WHAT THIS TASK INVOLVES = For the records below, tally the lines that contain "roots" and give only that number.

(Caption-style text data)
◆ ◆ ◆

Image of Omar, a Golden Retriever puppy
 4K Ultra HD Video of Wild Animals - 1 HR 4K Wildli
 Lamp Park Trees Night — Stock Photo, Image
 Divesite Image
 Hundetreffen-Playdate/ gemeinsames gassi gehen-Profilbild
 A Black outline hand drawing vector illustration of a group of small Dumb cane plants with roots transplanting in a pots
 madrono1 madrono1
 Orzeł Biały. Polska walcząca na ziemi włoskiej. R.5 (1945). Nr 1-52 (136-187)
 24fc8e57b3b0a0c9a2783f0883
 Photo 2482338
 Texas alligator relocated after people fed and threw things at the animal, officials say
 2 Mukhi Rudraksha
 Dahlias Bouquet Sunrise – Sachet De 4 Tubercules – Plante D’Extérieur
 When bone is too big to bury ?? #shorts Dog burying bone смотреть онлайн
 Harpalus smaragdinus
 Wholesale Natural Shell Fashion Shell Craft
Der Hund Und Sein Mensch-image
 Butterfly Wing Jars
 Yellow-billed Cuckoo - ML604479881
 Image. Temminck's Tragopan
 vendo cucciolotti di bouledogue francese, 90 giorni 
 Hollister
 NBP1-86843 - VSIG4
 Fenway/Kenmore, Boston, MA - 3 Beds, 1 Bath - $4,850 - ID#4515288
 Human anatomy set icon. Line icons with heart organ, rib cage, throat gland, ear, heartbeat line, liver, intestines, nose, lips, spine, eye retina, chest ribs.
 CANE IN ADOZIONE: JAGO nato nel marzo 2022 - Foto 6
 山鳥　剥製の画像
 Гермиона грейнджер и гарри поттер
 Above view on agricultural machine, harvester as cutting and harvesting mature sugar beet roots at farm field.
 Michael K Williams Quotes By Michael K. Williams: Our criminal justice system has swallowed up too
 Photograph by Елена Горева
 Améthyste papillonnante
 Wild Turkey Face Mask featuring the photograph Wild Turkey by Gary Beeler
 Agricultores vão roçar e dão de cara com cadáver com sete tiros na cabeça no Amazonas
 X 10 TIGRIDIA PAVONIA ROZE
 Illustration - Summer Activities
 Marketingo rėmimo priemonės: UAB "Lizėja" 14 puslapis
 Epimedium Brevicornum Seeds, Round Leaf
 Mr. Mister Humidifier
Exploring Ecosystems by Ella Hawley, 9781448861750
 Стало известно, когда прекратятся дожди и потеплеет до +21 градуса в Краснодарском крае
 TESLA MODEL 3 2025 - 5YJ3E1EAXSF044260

◆ ◆ ◆

ANSWER FOR THE TASK = 2